Particolare della miniatura.Il collegamento, già sancito dalla tradizione medioevale, fra l'uccisione del drago (il cui alito mefitico appestava l'aria ed era causa di morte) e l'opera bonificatrice dell'uomo (che risana le paludi allontanando il pericolo delle pestilenze), verrebbe a richiamare, in questo contesto, il magnum opus di Borso. Proprio in quel tempo, infatti, vedeva compimento il piano di bonifiche agrarie portato avanti con energia dal duca, che viene così a identificarsi idealmente con il santo che sferra il colpo letale al mostro sullo sfondo di un'inquietante distesa paludare. Inoltre, una serie importante di contesti figurativi dimostra con chiarezza come le messa in scena di questo episodio tenda a configurarsi come allusione alla necessità della crociata come risposta della cristianità minacciata al dilagare del flagello turco, in ragione della costante identificazione fra San Giorgio e il miles christianus per eccellenza, cioè il cavaliere crociato.

 

Tale bisogno sembrava essersi fatto ancora più urgente all'indomani della caduta di Costantinopoli (1453) e a fronte della politica violentemente - ed efficacemente - espansionistica di Maometto II, per contrastare la quale papa Pio II si era affannosamente adoperato con un estremo tentativo di pacificare gli stati italiani in vista di una nuova crociata. L'intima amicizia fra Lorenzo Roverella, vescovo di Ferrara e reale sponsor dello strumento e delle pitture che lo decoravano, e Pio II rende plausibile che la commissione dell'organo della cattedrale, concretizzatasi nel 1465, intendesse non solo commemorare il pontefice scomparso l'anno precedente, ma, soprattutto, riproporre l'appello alla crociata.

Al radicamento squisitamente ferrarese del back-ground iconografico e iconologico presupposto alle tele non si può dire corrispondano referenze figurative di analoga matrice geografica. Ad affiorare sono, soprattutto, reminiscenze di matrice padovana, in particolare mantegnesca, le stesse che sostanziano robustamente tutta la produzione giovanile del Tura.

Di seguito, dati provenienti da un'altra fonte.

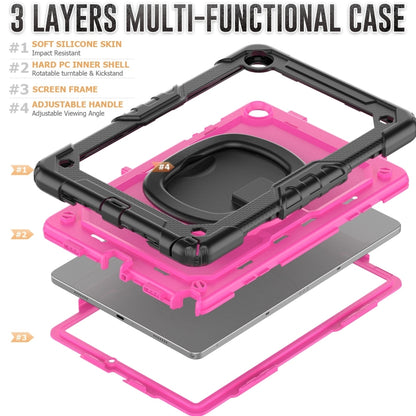 For Samsung Galaxy Tab A9+ Handle Silicone Hydric PC Tablet Case with Shoulder Strap(Rose Red) - Galaxy Tab A9+ by buy2fix | Online Shopping UK | buy2fix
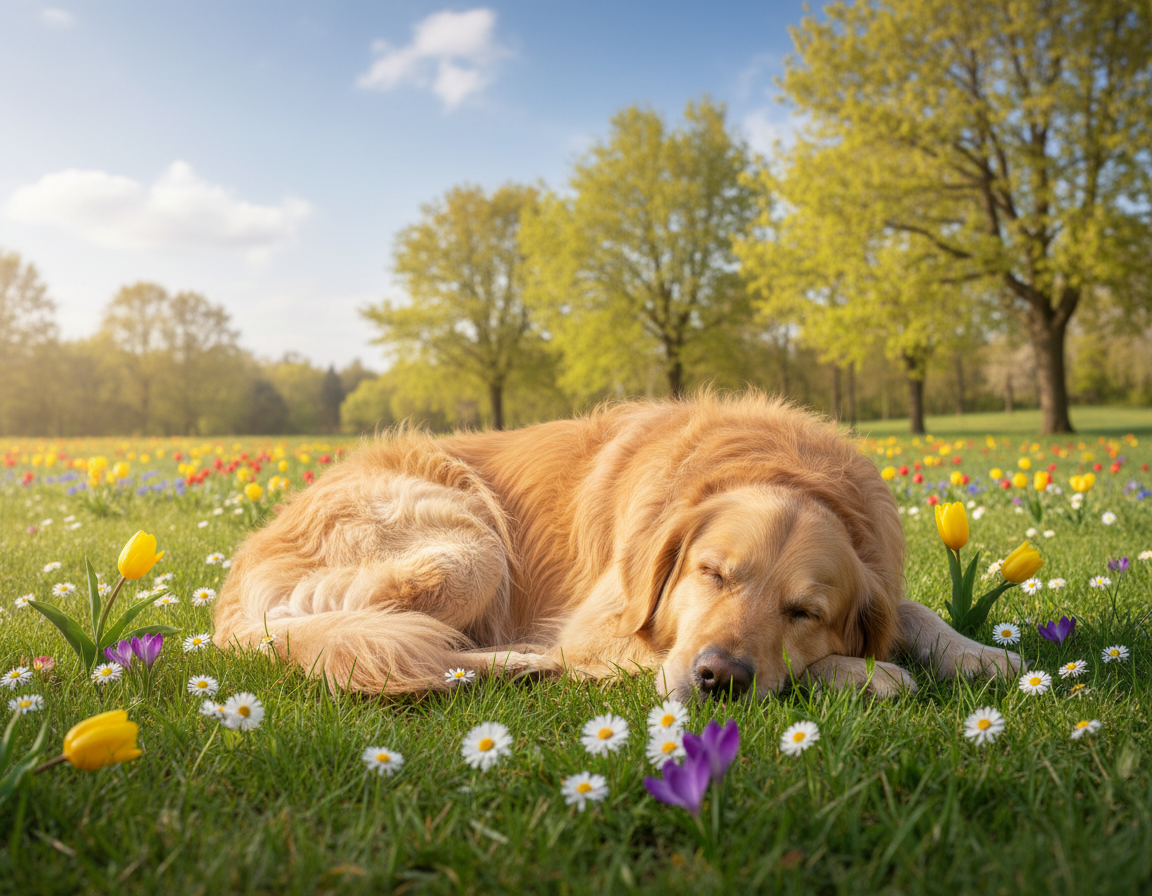 câine primăvară oboseală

Ciò è particolarmente evidente nei pannelli dell'Annunciazione, ove l'impatto fortemente classicheggiante dell'architettura, con i suoi rilievi all'antica, le eleganti colonne scanalate, i lacunari dell'imbotte decorati a rosoni, i festoni sospesi, richiama soluzioni già collaudate dal Mantegna, a Padova, negli affreschi Ovetari. E alla stessa fonte rimanda anche il motivo del colle che, nella scena con San Giorgio, si erge dietro la principessa, proiettandola perentoriamente verso il primo piano, del tutto simile a quello che compariva nelle pitture patavine nello scomparto con il Martirio di San Giacomo.

Il gioco delle assonanze stilistiche non può, in ogni caso, far perdere di vista un fatto fondamentale: le ante dell'organo ferrarese, ormai, sono espressione di una maturità artistica che si declina con cadenze personalissime nel vitalismo delle figure, nelle meditate forzature espressionistiche, nel linearismo "ferrigno" dei panneggi, nelle stesse scelte fisionomiche.

Del valore vincente delle formule qui varate dal Tura non mancano, d'altra parte, testimonianze anche immediate. Un'eco freschissima del San Giorgio e la principessa si ritrova, infatti, negli affreschi di Schifanoia, verosimilmente condotti con gran celerità, in parallelo alla decorazione dell'organo, nel 1469: nel Trionfo di Cerere si riconosce una precisa citazione della principessa nel gruppo delle fanciulle danzanti; mentre, all'estremità sinistra del Mese di Marzo, il falconiere che sopraggiunge a cavallo appare per impeto ben raffrontabile al santo dipinto da Cosmé.

Sulla più lunga distanza, invece, la vitalità del modello è certificata dalla frequenza con cui è riproposto nei corali miniati del Duomo ferrarese (1473-1535), all'interno dei quali numerosi antifonari mostrano la figura di Giorgio o la scena dello scontro con il drago, mantenendosi fedeli alla fonte turiana nell'impostazione complessiva dell'immagine, nella scelta dei dettagli e nell'ambientazione.